I can see that it’s a tricky problem for you. I remember you said in a earlier post that you would like to generate a greater number of harder problems and of course many of the problems that have multiple mates or possible lines are the more difficult ones so you would be throwing a higher % of these away.
I can’t imagine that there is any possible way to write an algorithm that would perfectly select only the most elegant problems – you’d have to program the computer to have a sort of human like aesthetic sense (if you can do that please let me know how!). But maybe instead of being such a perfectionist and looking for possible 50 move cyclic mates

you could use some more simple, seat of the pants, rules that would work in 99% of cases. Just a suggestion, but you might do something like this:
- If it’s a one or two move mate you must find it precisely - no alternative longer lines or material wins would be considered correct.
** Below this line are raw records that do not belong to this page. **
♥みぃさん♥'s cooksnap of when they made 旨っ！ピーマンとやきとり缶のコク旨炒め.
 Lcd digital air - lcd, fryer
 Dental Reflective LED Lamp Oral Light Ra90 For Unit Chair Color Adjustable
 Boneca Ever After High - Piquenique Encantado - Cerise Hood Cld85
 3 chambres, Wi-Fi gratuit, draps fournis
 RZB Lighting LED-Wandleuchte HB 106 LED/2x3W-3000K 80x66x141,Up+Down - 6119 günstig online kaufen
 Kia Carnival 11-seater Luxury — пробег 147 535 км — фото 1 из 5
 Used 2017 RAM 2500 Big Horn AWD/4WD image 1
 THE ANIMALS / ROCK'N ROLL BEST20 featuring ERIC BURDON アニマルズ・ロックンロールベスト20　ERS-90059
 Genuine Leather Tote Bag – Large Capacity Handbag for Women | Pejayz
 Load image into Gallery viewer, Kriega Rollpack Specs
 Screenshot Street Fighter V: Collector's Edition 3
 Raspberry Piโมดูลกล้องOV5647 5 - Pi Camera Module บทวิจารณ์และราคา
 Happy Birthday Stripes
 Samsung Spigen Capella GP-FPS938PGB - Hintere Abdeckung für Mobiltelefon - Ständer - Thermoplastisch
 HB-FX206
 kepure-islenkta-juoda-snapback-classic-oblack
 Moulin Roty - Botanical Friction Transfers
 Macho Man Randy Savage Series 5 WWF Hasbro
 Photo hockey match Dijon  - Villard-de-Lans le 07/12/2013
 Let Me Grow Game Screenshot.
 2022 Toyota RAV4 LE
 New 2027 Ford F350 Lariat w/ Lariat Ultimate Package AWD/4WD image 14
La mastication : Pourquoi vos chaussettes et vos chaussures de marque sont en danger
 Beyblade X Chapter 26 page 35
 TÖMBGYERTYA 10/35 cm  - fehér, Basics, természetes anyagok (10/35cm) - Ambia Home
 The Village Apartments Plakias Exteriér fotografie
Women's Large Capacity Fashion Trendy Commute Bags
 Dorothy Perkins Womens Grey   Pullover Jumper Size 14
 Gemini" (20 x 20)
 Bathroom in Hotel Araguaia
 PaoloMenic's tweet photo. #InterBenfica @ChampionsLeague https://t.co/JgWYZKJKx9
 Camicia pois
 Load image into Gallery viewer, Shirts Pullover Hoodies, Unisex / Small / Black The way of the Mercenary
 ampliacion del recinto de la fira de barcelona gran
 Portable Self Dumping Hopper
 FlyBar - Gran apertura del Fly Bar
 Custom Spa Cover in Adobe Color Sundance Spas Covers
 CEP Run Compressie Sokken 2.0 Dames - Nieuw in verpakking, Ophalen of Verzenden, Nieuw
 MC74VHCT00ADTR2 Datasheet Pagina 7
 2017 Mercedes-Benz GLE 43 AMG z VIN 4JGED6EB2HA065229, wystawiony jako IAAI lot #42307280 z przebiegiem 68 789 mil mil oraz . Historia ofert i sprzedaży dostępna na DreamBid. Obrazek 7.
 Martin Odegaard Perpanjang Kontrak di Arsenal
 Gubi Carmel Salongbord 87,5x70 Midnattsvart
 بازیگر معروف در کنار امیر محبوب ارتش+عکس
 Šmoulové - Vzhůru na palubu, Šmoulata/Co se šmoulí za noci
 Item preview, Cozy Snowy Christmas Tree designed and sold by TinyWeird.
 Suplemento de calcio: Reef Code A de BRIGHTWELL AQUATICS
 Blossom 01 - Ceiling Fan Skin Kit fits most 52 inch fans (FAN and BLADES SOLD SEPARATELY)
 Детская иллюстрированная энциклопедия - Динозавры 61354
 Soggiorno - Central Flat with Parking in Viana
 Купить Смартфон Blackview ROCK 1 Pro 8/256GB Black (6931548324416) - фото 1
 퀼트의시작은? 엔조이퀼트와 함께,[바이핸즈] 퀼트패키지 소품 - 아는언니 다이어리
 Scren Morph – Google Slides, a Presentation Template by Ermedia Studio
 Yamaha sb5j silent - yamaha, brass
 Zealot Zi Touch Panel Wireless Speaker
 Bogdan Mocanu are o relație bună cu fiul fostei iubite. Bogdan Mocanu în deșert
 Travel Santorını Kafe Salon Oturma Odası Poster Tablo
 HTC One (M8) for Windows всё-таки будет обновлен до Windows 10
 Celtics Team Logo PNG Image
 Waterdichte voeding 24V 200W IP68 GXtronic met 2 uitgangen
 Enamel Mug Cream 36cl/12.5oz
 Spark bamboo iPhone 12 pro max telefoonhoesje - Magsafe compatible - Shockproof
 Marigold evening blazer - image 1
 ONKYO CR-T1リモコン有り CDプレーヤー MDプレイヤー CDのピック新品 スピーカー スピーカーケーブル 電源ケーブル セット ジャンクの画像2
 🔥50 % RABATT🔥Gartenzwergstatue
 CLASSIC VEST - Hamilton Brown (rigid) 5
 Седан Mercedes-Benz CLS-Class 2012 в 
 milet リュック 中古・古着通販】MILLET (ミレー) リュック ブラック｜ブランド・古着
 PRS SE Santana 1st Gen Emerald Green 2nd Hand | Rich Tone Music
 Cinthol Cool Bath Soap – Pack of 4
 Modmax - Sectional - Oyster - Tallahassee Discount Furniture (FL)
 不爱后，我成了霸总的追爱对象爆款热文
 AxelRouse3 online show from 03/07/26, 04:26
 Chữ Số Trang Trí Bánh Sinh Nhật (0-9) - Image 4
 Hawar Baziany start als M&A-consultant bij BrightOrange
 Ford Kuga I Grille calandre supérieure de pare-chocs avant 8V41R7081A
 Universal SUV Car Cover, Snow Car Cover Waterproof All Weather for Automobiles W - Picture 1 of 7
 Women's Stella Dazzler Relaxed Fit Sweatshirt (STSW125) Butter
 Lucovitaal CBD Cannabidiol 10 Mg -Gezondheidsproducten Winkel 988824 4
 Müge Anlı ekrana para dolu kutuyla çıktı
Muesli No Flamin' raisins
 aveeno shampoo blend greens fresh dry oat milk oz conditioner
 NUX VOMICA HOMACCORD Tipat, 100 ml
- If it’s a three / four / five move mate, any problems with ambiguos mates two or less moves later are rejected (or credited). Problems with ambiguos material wins >= 5 (ie a rook) would also be rejected / credited if they occur earlier than two moves before the mate.
- If it’s a longer mate, problems with ambiguos mates within three moves would be rejected (creditied). Problems with ambiguos material wins >= 3 would also be rejected (credited) if they occur earlier than two moves before mate (as before).
From my experience (growing daily!) that set of rules would have been good for all the ambiguos mate problems I’ve encountered so far and has some sort of aesthetic justification if you look at the kind of comments masters make in chess books when a player doesn’t choose the most precise line (for instance if you choose a complex twenty move mate over a simple mate in one, the master might affix a ?? to the move, but preferring a five move mate to a four move one hardly merits a comment). If you put the rules in the faq, people (or at least those who read faqs) would know what to expect, but in any case it would be pretty transparent.